KAPP Werkzeugmaschinen GmbH is a manufacturer of machines and tools for finishing of gears and profiles. About a third of the turnover is made in Germany and two-thirds in international operations. [1] The company headquartered in Coburg (Bavaria) was founded in 1953.

History 

In 1953, Bernhard Kapp, managing director and partner of the company Waldrich Coburg, founded the machine building company KAPP & Co.. The company started its activities with the continuation of the production program of woodworking machines from COMAG (Coburger Maschinenbau GmbH), whose assets were purchased.

In 1958, the company began the construction of tool grinding machines. Surface and profile grinding as well as milling machines were built.

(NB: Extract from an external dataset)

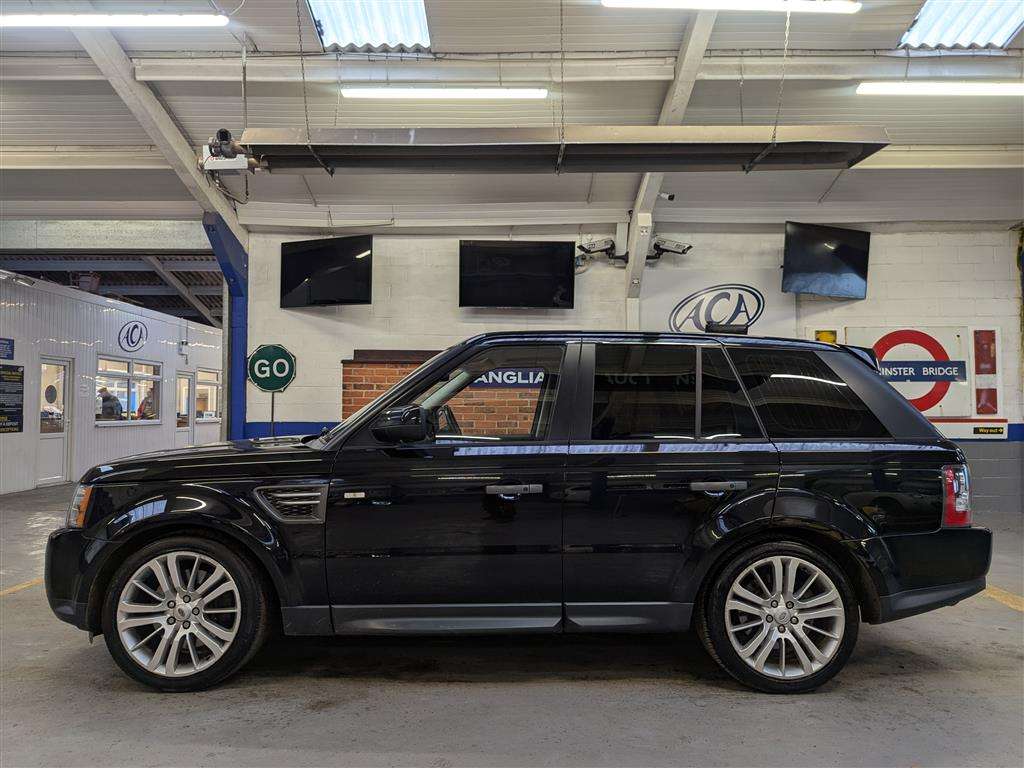 <p>2011 LAND ROVER RANGE ROVER SP HSE TDV6 A</p>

According to the statement of the company, in 1975 the largest hob grinding machine of the world was produced. In 1977 Bernhard Kapp resigned from the Waldrich company and devoted his professional activities only to his own company.

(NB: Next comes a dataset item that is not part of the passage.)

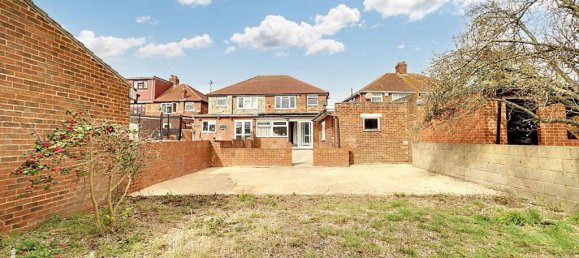 3 bedrooms House in Hayes, United Kingdom No. 5027 13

Since the 1980s KAPP provides profile grinding machines among others for the aerospace and automotive industry as well as for transmission manufacturers. In 1981, worldwide the first non-dressable profile grinding wheel with CBN technology has been developed. In the 1980s, four subsidiaries were established: KAPP TECHNOLOGIES in the USA, KAPP Technologie in Coburg, KAPP TEC in Brazil and KAPP JAPAN TECHNOLOGIES in Japan.

In 1983, Martin Kapp joined the company and shared the management with his father Bernhard Kapp and Roman Luft.

In 1997, the KAPP Group acquired NILES Werkzeugmaschinen  GmbH with 80 employees. NILES was founded 1898 in Berlin and had gear grinding machines for large gears in the portfolio. 2006 KAPP ASIA TECHNOLOGIES was established in the People's Republic of China.

In 2014, the group of companies with 850 employees worldwide offers a wide range of machine tools for hard fine machining of gears and profiles. External or internal gears for applications in the automotive, aerospace and compressor industries, drive technology, energy and wind power, railway technology, raw materials extraction and shipbuilding can be ground with these machines.

In March 2017, the sales and service activities for Kapp Niles products in Russia and neighbouring countries were combined in Kapp Niles Russia, LLC, based in Moscow.

On 1 April 2017, the company Kapp Niles Metrology GmbH became active in the group of companies. The aim is the development, production and distribution of measuring machines, measuring devices and related services, especially for the quality control of gears and profiles. With this new product division, the group of companies is further expanding its product portfolio along the value chain.

In 2020, the Kapp Niles Group opened new branches in Ramos Arizpe, Mexico and Bangalore, India. These branches will expand accessibility in the respective markets and further strengthen the market position.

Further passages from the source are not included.